ヨウ素剤というのをお聞きになったことがあると思いますが、
放射性ヨウ素が取り込まれる前に、放射性でない安定したヨウ素を摂取することにより、
甲状腺に放射性ヨウ素が入り込む余地をなくしておく効果を期待したものです。
日本人の場合、海藻をよく食べるので、
甲状腺には安定ヨウ素が十分あるという情報もあります。
チェルノブイリ原発での事故後、長期間にわたって健康被害が確認されているのは、
子供が甲状腺被ばくした結果、甲状腺がんを発症割合が増えていることです。
小さな子供ほど、甲状腺がんの発病リスクが高いといわれています。
できるだけ、特に放射性ヨウ素を体内に取り込まないことがポイントとなります。
放射性プルームが流れてきたらどうする
事故が発生したら、放射性プルームが流れてこないところに避難するのが一番です。
今回の福島第一原発事故の際は、
私は奥羽山脈を越えて日本海側に避難すれば大丈夫と答えていました。
しかし、気象に関する適切な情報が与えられなければ、判断は難しいでしょう。
離れた原発から放射性プルームが流れてきた場合どう対応できるか、
いくつかのケースで考えてみましょう。
(1)家の中では
安易に外に出ることはオススメしません。

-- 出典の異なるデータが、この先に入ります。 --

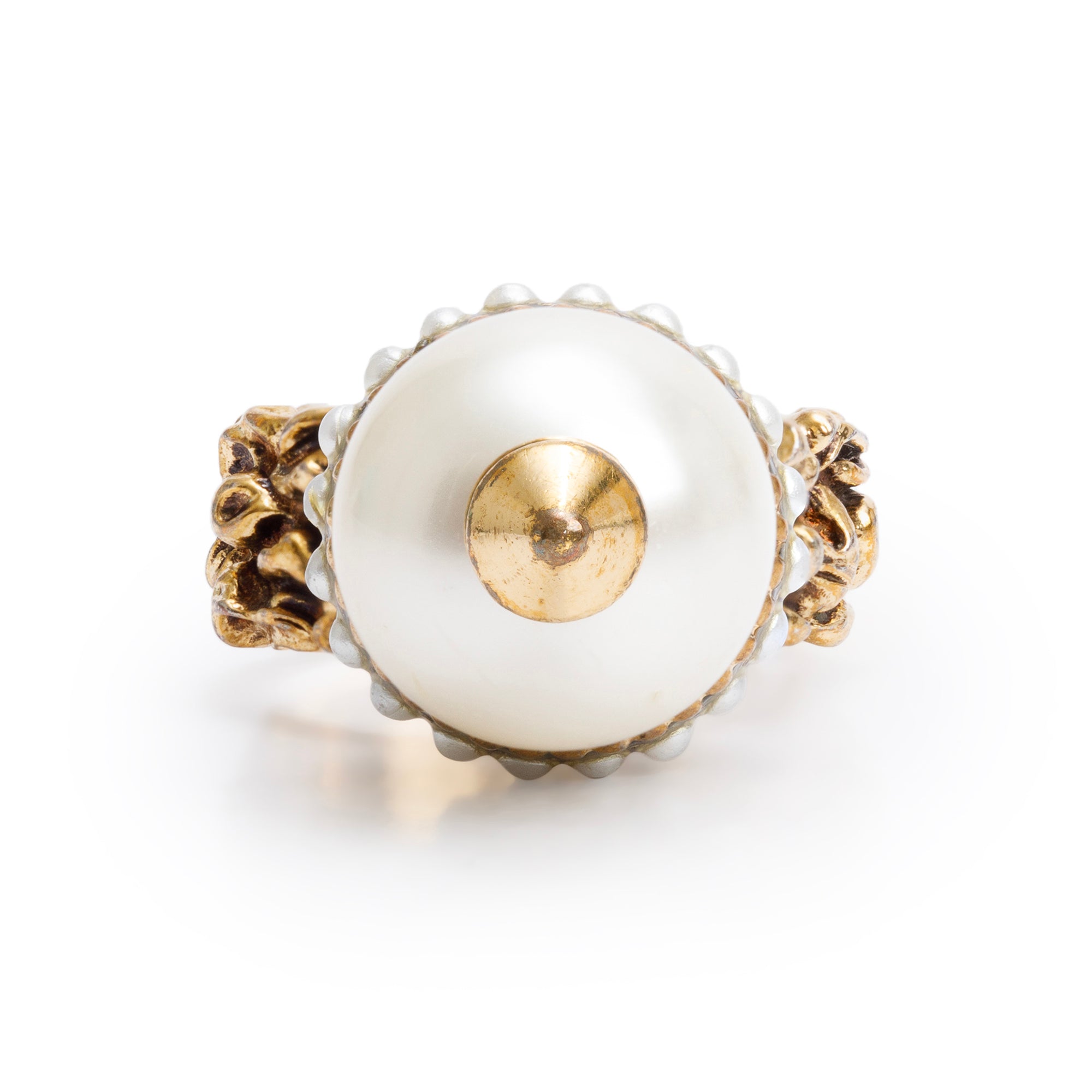 Gucci Gold Tone Metal Faux Pearl Ring, Size 13 6.5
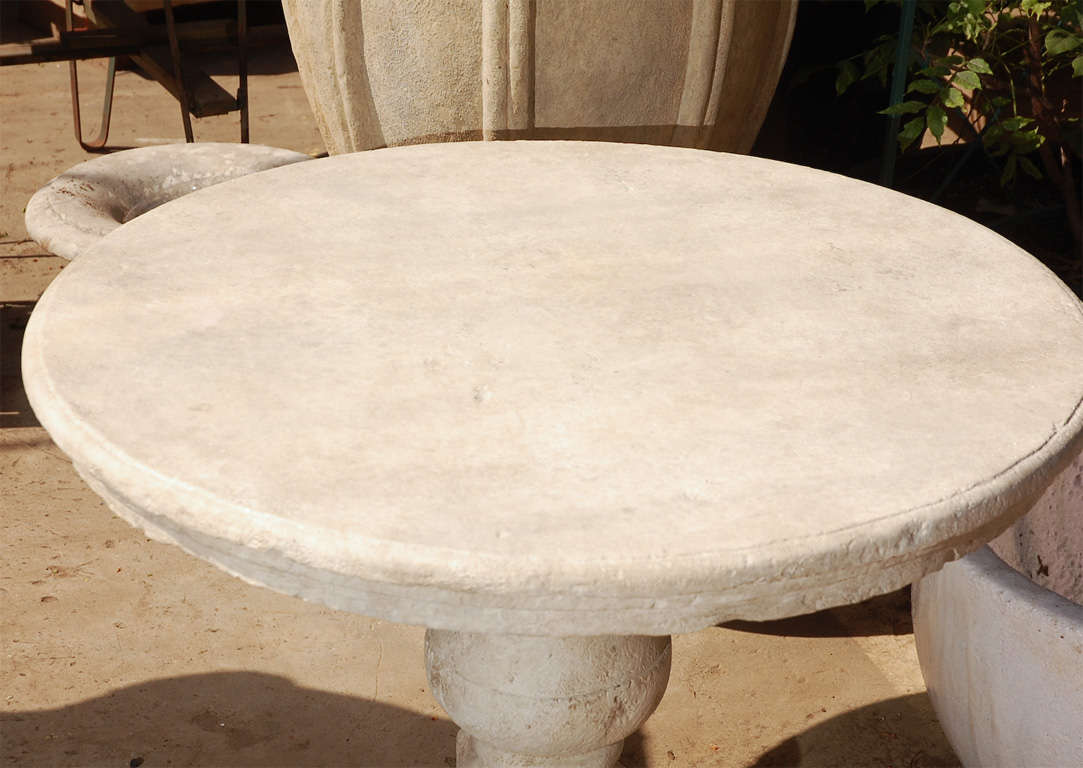 Reproduction Italian Style Garden Table In Excellent Condition For Sale In Culver City, CA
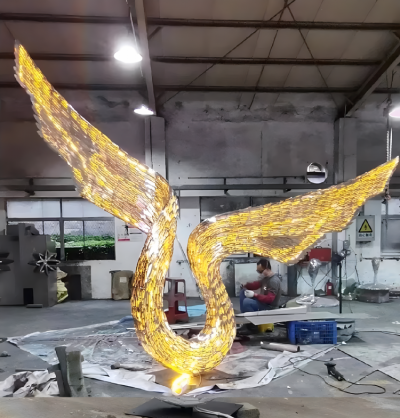 鏤空發光不銹鋼抽象翅膀雕塑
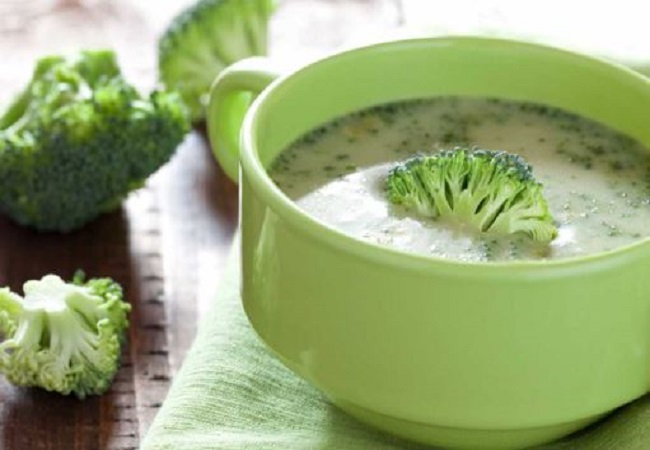 Broccoli Soup: ब्रेकफास्ट में ट्राई करें सेहत से भरपूर ब्रोकली सूप, डायबिटीज के मरीजों के लिए भी है फायदेमंद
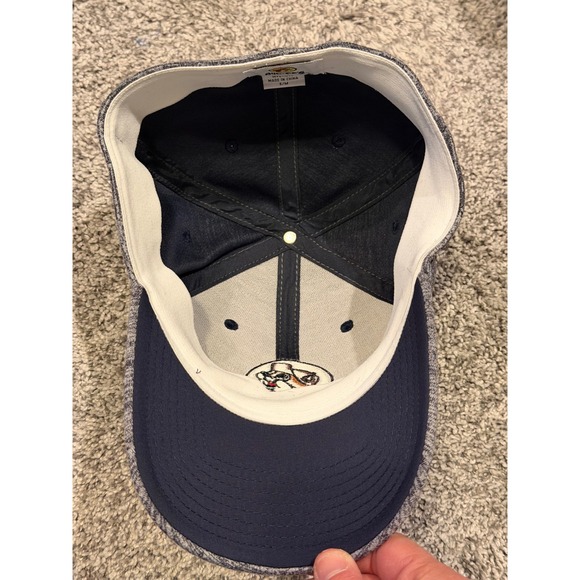 Buc-ees Beaver Logo Embroidered Grey Heather Baseball Cap Size S/M Fitted Hat - Picture 7 of 9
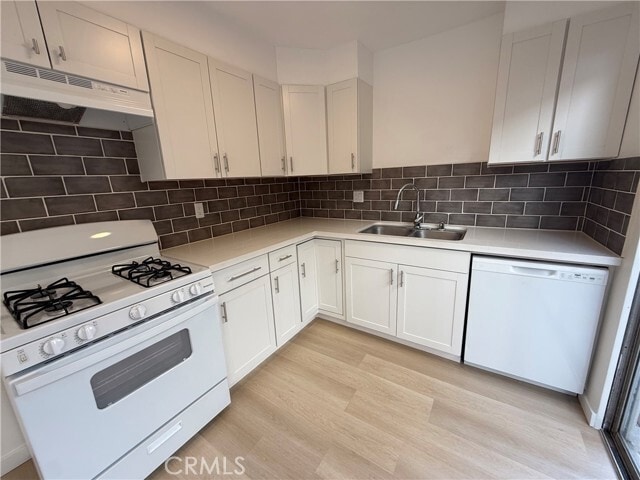 Building Photo - 2104 Carnegie Ln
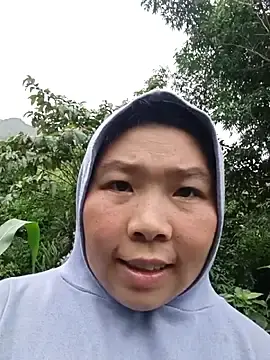 quynhkoolbaeのStripchatでライブセックス映像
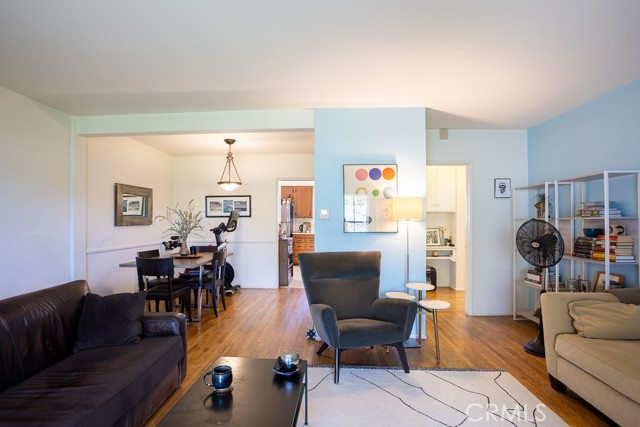 Detail Gallery Image 12 of 61 For 3735 Arbolada, Los Angeles,  CA 90027 - – Beds | – Baths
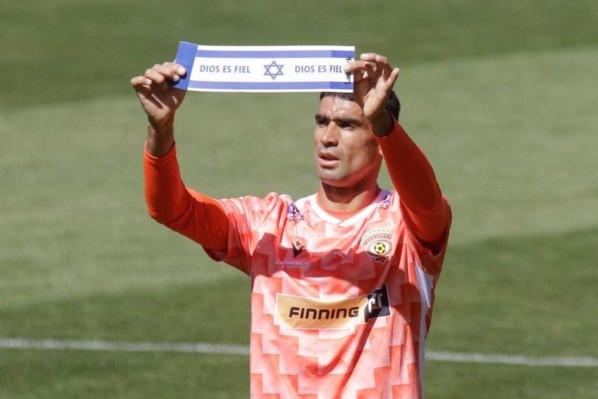 Escalante celebró levantando y besando la bandera de Israel. Foto:Agenciawww.lattu.cl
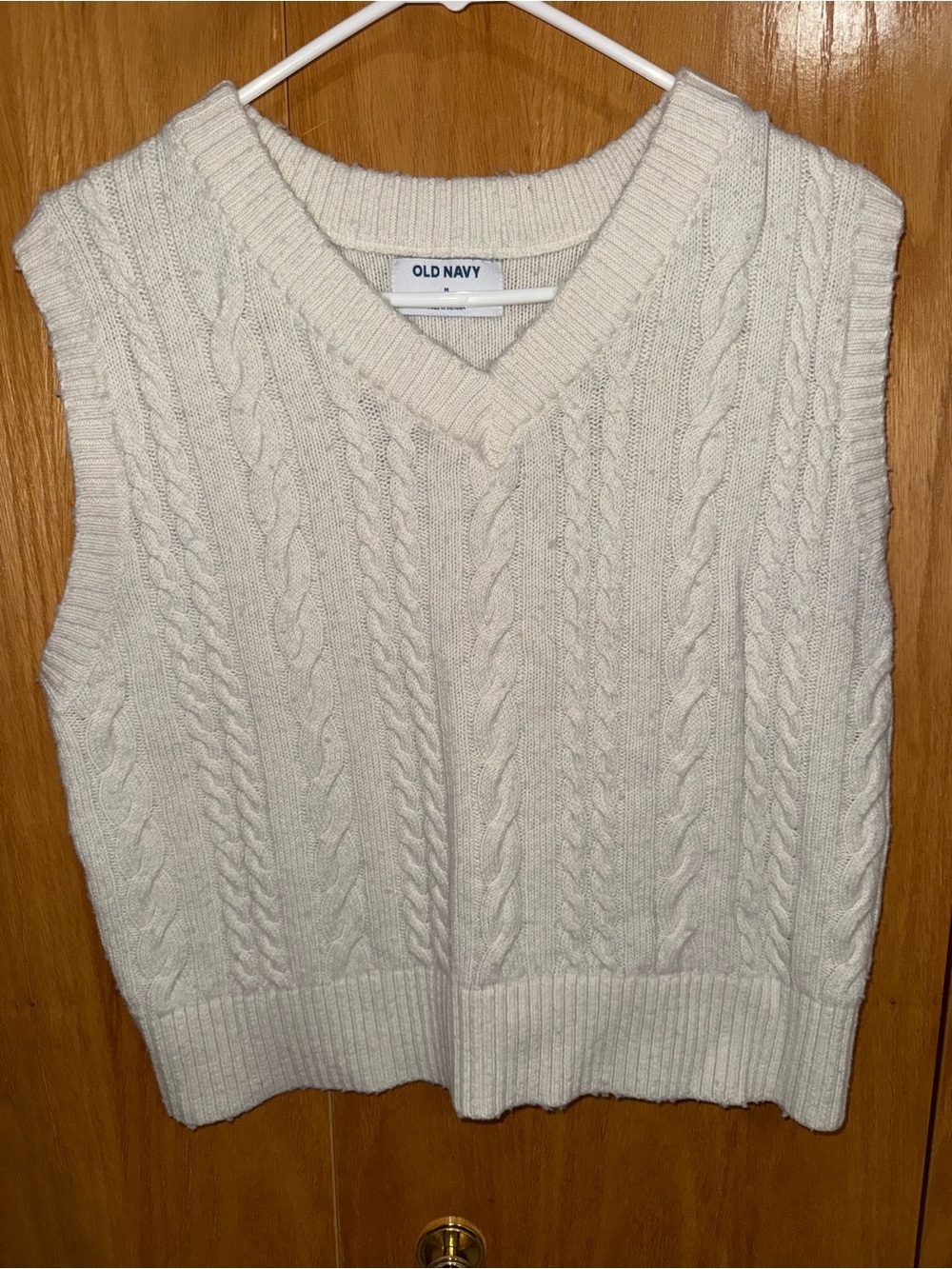 Old Navy Cream Cable-Knit V-Neck Sweater Vest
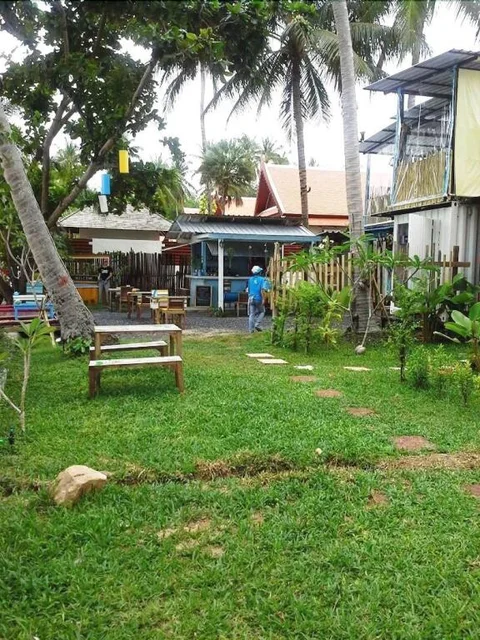 Самуи: Think & Retro Cafe Lipa Noi Samui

できるだけ家の中にいて、
外の空気が入ってこないような対策をします。隙間をテープ等でふさぎましょう。
今回の事故のケースでは、換気扇の開口部から室内にガスが侵入した痕跡がみられました。
家の中心部分に滞在し、濡らしたマスクまたは、濡らしたタオルで顔を覆います。
家に入ってくるとしたらガス状です。水に溶けやすい性質を利用しましょう。
(2)外から帰宅した場合
放射性プルームが上空にあり、その時雨が降ってくると、
放射能で汚染された雨になります。
その雨にあたり身体が濡れると、身体が汚染されることになります。
まず、風呂桶などにきれいな水を確保しておきましょう。
外から家族などが帰ってきたら、服を着替え、身体を洗うことが賢明です。
今回の事故では地震で断水、停電になりましたから、
日ごろから水を確保しておくことが必要です。
(3)避難するかどうか
事故現場にそれほど近くない場合、慌てて避難する必要はありません。
放射性プルームが流れ去るまで待ちましょう。
放射線による被ばくリスクと、避難によるリスクを冷静に判断する必要があります。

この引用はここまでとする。